Camping at Bean Lake, Montana is free. At least, the Montana Department of Fish, Wildlife and Parks doesn’t specify camping fees, nor does it offer a self-pay box. The lake is small enough, and so far away from civilization, that rules are probably not even needed. If you get here, you’ll very likely be only the one here.

Getting there involves a lot of dirt road travel.

DO NOT, however, take SR-434 (Stearns-Augusta Rd) from SR-200. SR-434 has a bridge crossing over Dearborn River. This bridge is rated only for 7 tons (14,000 lbs) or less. If you’re towing a trailer, it’s very likely you’ll be at that limit or more. There is no turn-around on this road, if you choose to drive this road, you must continue through it and hope you don’t collapse the bridge.

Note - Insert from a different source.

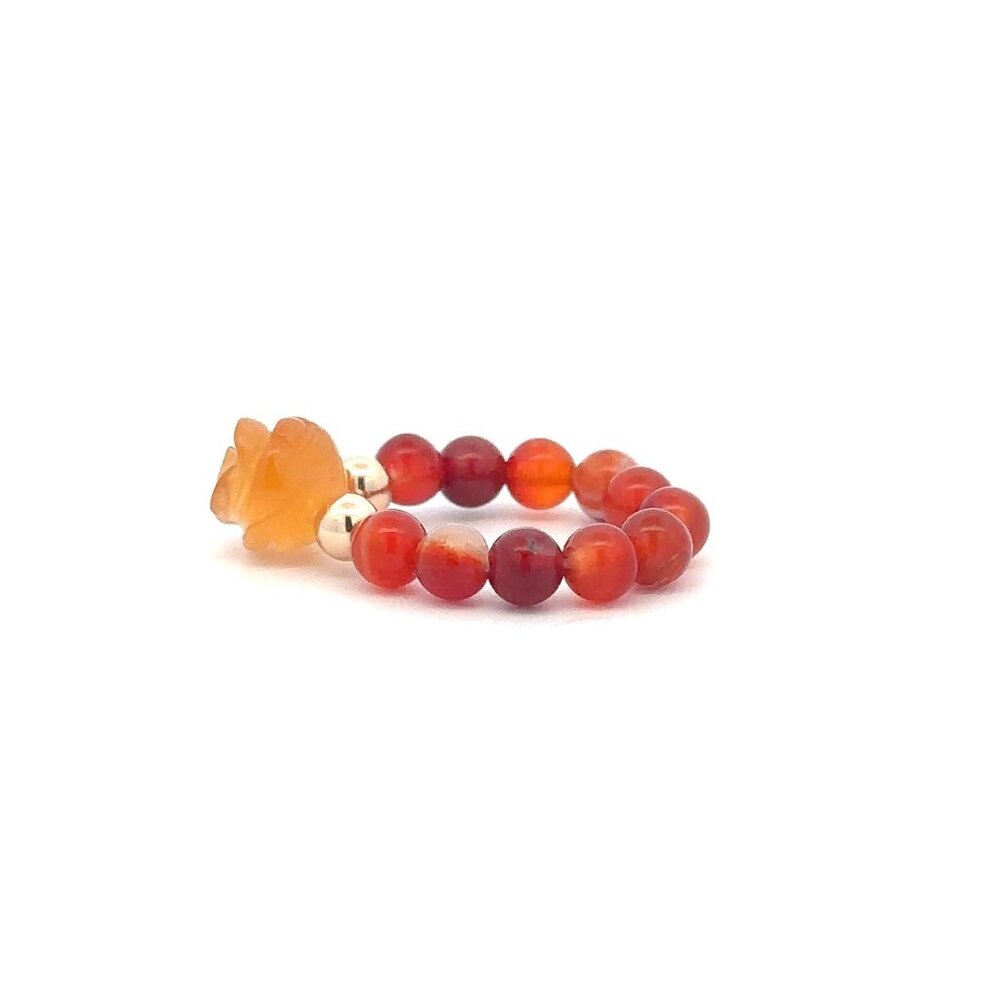 Red Agate Flower Gemstone Beads Stretch Ring with 14K Gold Bead - Picture 3 of 7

Otherwise, take US-287 to Flat Creek Road, and take this road to the intersection with Chisholm-Barrett Rd. Keep following Flat Creek Road (turn left), and it will take you to Bean Lake.

Bean Lake offers idyllic lake-side camping with an opportunity to cast a line and reel in some dinner. You can set up your grill, serenade your sweetheart with a song, and get drunk and stupid all night long. No one is there to care! By the same token, if you plan to camp there for several days (or weeks), it’s a long haul to the nearest town for amenities. Your two closest choices for full amenities is going to be either Great Falls or Helena, both about 60 miles away.

Pests are a big problem though. Bean Lake is swarming with flies, gnats, and mosquitoes. It’s a lake, with no stream or dam. The water is stagnant, and teaming with life. Make sure to inject your bloodstream with plenty of repellent before going.

Pros and Cons

Pros: Peace and quiet, free, unlimited stay, no one around to bother you, (you can get away with camping naked for weeks on end), serene views of a pretty lake.

Cons: 60 miles away from closest amenities, a lot of dirt road to get there, Verizon 4G does not come in, tons of flying insects


Pit toilet each of the two campsites, that’s it.

Cellphone Signal Strength

Verizon 4G is absent here. Even just voice doesn’t come in.

Insects, Pests, & Wildlife

Lots of flying insects, and a fair amount of ants too, but the ants never bothered us. No signs of coyotes, wolves, or bears.


Very peaceful and quiet. Definitely counts as a secluded campsite. You may never see anyone while camped at Bean Lake.

Safe or Sketchy?

Seems pretty safe boondocking here. Being that it’s located so far from civilization, you may not ever leave your RV unattended.

How Crowded Is It?

Just never crowded at Bean Lake. Very few people come here.